Started with a cough
For months, Dan thought it was bronchitis sucking 30 pounds from his small frame and making him so weak that taking out the trash felt like running a marathon.
He suffered night sweats and coughed all the time. He slept sitting up because lying down hurt so much.
When he discovered his illness was far more serious -- he saw Crista's doctor on a Wednesday and found out two days later that he had stage-three non-Hodgkin's lymphoma -- he and Crista believed not only that he would survive but that their insurance would cover the cost of keeping him alive.
Earlier in the year, Dan had changed jobs and lost his insurance. After a long waiting period, Crista was able to put him on a policy that covered her and her son, she said. The company collected premiums for six months, the couple said.
Dan went through chemotherapy, dialysis and other treatment before his insurance company determined he had a pre-existing condition that would not be covered, the couple said.

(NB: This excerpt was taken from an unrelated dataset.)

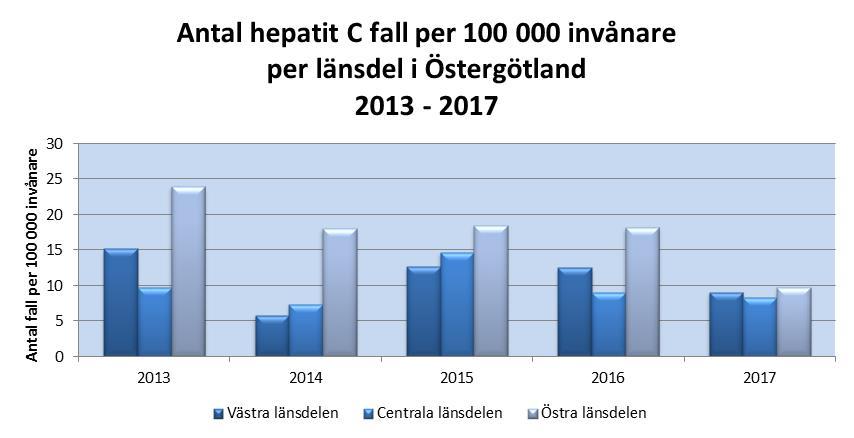 Fortsättning utfall och trend I Östergötland fortsätter incidensen att minska i samtliga länsdelar, se figur.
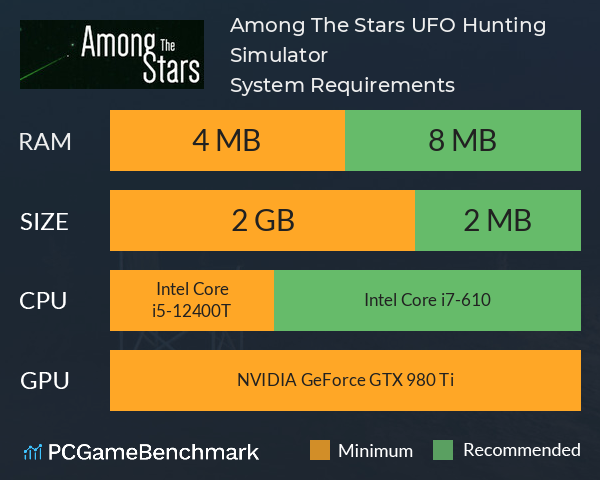 Among The Stars :UFO Hunting Simulator System Requirements PC Graph - Can I Run Among The Stars :UFO Hunting Simulator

"She took care of the money, and I tried to heal," Dan said at their home outside Valley Center. "I wasn't good for anything. I made myself sick trying."
While he was in the hospital for weeks, Crista slept on the floor of their living room. If he couldn't be comfortable, she thought, neither would she.
Dan went back to work at the beginning of this year.
Ha Ta is one of Dan's doctors and said she doesn't think about the money when she cares for patients.
"I can't think of it," she said. "If that's what drives me, I shouldn't be in practice."
When patients in her practice with physician Donna Sweet can't pay, Ta tries to put them in touch with groups such as Project Access, a nonprofit organization that helps patients who cannot afford to pay.
The list of creditors holding unsecured claims against the Delaneys outlines the cost of having cancer, line by line.
A sampling:
• Cancer Center of Kansas, $84,316
• Northeast Wichita Dialysis Center, $66,330.35
• South Central Path Lab, $17,519
• Via Christi Regional Medical Center, $142,923.19
In all, two dozen creditors are marked as medical on their filing.
Last year, Harvard researchers conducted what is considered the first extensive study on the medical causes of bankruptcy.
They surveyed 1,771 filers from 2001 in five federal courts and completed personal interviews with 931. About half cited medical bills as a cause for their bankruptcy.
For most people the researchers interviewed, the idea "that an illness would drive them into bankruptcy was not on their radar screen," Himmelstein said.
That was certainly true for the Delaneys.
"Here I am, a top real estate agent at the company, and I had to file bankruptcy because my husband had cancer. He came this close to dying," Crista said, her thumb and forefinger spread about an inch apart.
To pay off the medical bills, they would have had to have brought in an extra $10,000 a month.
"About the only thing we could do was file," Crista said. "We have a mortgage and a 10-year-old. Even if we sold the house and everything we had, we still would not be able to pay" the bills.
Himmelstein says two things must happen to turn around the trend.
"First we need universal, high-quality health insurance, national health insurance that is disconnected from your job," he said. "You need to have it whether you can pay for it or not. Health insurance can go away if you're sick and out of work. We need a seamless health insurance system, which I think is known as national health insurance."
Increased consumer demand is a big reason why health care costs are rising, said Larrie Ann Lower, a lobbyist and executive director of the Kansas Association of Health Plans, a not-for-profit group made up of health insurance companies that serve the state.